§ **What is expected**
Output only the lines below from the one containing "Ford Kuga Hybrid" to the one containing "ГАЛЛЮЦИНОГЕННЫЕ ГРИБЫ Сатка", exactly as written, both ends kept.
****************
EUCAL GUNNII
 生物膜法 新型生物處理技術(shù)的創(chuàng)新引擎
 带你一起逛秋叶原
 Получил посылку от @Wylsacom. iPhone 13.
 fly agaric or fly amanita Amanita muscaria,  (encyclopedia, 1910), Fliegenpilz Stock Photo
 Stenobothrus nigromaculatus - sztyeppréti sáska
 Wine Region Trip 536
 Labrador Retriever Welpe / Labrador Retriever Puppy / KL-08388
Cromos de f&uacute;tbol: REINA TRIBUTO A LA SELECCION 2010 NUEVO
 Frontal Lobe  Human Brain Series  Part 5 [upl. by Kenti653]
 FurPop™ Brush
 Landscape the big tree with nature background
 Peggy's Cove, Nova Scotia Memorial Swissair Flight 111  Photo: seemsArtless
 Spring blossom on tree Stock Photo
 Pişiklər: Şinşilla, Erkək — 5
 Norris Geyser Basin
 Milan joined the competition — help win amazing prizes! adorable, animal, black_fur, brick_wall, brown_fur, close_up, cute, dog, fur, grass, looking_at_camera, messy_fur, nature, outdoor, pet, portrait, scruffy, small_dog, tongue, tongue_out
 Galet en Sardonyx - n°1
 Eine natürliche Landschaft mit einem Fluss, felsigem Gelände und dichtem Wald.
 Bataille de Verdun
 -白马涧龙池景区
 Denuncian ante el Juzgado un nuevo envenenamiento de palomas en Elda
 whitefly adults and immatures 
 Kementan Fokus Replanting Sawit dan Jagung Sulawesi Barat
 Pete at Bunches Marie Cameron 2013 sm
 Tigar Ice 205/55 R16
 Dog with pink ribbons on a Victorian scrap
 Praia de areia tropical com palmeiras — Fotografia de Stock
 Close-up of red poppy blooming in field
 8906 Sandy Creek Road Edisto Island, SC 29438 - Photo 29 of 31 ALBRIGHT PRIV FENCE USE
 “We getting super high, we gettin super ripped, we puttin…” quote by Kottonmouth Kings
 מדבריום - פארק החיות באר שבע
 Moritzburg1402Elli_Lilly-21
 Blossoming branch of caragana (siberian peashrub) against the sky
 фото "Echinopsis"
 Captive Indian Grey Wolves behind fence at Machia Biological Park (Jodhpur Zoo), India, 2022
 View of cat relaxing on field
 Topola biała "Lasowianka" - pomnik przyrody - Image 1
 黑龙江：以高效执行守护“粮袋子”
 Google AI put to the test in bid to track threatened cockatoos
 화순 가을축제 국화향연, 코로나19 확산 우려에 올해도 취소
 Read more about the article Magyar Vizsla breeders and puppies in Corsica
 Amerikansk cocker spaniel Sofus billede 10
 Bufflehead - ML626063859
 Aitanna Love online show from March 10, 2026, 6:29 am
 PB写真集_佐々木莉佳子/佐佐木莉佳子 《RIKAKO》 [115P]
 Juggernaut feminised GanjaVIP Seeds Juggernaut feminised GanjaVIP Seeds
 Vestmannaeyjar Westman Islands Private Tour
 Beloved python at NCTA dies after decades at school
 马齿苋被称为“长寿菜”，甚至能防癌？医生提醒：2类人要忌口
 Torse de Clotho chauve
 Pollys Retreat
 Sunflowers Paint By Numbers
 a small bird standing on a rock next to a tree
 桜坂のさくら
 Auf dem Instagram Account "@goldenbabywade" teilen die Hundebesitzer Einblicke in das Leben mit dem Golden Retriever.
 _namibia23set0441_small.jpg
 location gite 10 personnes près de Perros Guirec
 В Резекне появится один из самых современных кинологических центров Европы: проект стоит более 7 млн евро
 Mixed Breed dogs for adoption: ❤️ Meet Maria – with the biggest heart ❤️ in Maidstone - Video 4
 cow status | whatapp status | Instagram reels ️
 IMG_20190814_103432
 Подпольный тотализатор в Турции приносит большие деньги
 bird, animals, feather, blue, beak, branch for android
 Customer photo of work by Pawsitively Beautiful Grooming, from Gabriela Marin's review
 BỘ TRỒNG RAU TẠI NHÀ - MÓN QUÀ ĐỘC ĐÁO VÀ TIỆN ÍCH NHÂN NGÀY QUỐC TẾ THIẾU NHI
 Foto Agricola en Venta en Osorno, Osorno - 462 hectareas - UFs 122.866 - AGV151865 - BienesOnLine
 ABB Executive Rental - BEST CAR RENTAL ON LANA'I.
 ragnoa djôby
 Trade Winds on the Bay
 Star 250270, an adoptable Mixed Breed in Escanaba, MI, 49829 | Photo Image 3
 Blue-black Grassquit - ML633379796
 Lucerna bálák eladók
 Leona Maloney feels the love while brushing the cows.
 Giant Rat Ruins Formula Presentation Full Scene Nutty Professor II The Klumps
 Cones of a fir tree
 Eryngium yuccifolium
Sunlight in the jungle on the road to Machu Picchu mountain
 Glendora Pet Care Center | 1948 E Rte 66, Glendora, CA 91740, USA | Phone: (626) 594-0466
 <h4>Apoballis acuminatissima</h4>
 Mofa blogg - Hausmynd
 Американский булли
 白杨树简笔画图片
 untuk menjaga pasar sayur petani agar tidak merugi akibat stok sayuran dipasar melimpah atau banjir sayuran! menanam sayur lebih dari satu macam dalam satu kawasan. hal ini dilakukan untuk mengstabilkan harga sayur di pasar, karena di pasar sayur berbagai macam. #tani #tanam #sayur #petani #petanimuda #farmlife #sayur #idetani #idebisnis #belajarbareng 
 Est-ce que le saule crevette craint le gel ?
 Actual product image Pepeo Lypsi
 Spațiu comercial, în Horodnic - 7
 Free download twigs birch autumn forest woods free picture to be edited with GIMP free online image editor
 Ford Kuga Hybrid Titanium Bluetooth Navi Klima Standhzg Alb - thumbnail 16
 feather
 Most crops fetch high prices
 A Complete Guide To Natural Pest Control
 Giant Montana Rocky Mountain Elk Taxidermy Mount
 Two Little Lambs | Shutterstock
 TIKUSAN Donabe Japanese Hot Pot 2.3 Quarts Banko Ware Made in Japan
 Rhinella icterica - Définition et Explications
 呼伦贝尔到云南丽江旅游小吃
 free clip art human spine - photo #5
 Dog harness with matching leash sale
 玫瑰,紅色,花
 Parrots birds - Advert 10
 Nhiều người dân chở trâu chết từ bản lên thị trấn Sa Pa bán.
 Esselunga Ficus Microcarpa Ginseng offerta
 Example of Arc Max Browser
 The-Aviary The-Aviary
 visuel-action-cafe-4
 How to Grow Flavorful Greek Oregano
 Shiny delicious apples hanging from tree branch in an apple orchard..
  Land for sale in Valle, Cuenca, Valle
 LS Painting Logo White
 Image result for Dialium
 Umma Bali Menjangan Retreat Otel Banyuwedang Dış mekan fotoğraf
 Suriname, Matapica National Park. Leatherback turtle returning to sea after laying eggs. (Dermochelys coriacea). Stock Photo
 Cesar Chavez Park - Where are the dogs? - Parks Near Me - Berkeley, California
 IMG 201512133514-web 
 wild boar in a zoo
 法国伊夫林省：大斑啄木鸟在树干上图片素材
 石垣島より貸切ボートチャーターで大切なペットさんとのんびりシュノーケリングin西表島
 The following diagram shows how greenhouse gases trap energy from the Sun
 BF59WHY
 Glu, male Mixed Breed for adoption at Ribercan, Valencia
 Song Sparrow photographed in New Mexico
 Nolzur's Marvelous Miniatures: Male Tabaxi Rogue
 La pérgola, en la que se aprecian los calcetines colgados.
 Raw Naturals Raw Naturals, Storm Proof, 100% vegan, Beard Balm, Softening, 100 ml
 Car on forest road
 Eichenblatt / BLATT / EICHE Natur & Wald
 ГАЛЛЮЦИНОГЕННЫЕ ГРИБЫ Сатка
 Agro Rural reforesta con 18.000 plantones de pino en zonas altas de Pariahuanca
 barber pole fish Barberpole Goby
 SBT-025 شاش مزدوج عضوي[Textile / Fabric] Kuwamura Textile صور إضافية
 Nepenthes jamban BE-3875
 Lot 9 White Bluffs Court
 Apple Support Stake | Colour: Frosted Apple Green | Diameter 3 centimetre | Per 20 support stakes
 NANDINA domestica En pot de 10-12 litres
****************
§ **Answer to this problem**
 Ford Kuga Hybrid Titanium Bluetooth Navi Klima Standhzg Alb - thumbnail 16
 feather
 Most crops fetch high prices
 A Complete Guide To Natural Pest Control
 Giant Montana Rocky Mountain Elk Taxidermy Mount
 Two Little Lambs | Shutterstock
 TIKUSAN Donabe Japanese Hot Pot 2.3 Quarts Banko Ware Made in Japan
 Rhinella icterica - Définition et Explications
 呼伦贝尔到云南丽江旅游小吃
 free clip art human spine - photo #5
 Dog harness with matching leash sale
 玫瑰,紅色,花
 Parrots birds - Advert 10
 Nhiều người dân chở trâu chết từ bản lên thị trấn Sa Pa bán.
 Esselunga Ficus Microcarpa Ginseng offerta
 Example of Arc Max Browser
 The-Aviary The-Aviary
 visuel-action-cafe-4
 How to Grow Flavorful Greek Oregano
 Shiny delicious apples hanging from tree branch in an apple orchard..
  Land for sale in Valle, Cuenca, Valle
 LS Painting Logo White
 Image result for Dialium
 Umma Bali Menjangan Retreat Otel Banyuwedang Dış mekan fotoğraf
 Suriname, Matapica National Park. Leatherback turtle returning to sea after laying eggs. (Dermochelys coriacea). Stock Photo
 Cesar Chavez Park - Where are the dogs? - Parks Near Me - Berkeley, California
 IMG 201512133514-web 
 wild boar in a zoo
 法国伊夫林省：大斑啄木鸟在树干上图片素材
 石垣島より貸切ボートチャーターで大切なペットさんとのんびりシュノーケリングin西表島
 The following diagram shows how greenhouse gases trap energy from the Sun
 BF59WHY
 Glu, male Mixed Breed for adoption at Ribercan, Valencia
 Song Sparrow photographed in New Mexico
 Nolzur's Marvelous Miniatures: Male Tabaxi Rogue
 La pérgola, en la que se aprecian los calcetines colgados.
 Raw Naturals Raw Naturals, Storm Proof, 100% vegan, Beard Balm, Softening, 100 ml
 Car on forest road
 Eichenblatt / BLATT / EICHE Natur & Wald
 ГАЛЛЮЦИНОГЕННЫЕ ГРИБЫ Сатка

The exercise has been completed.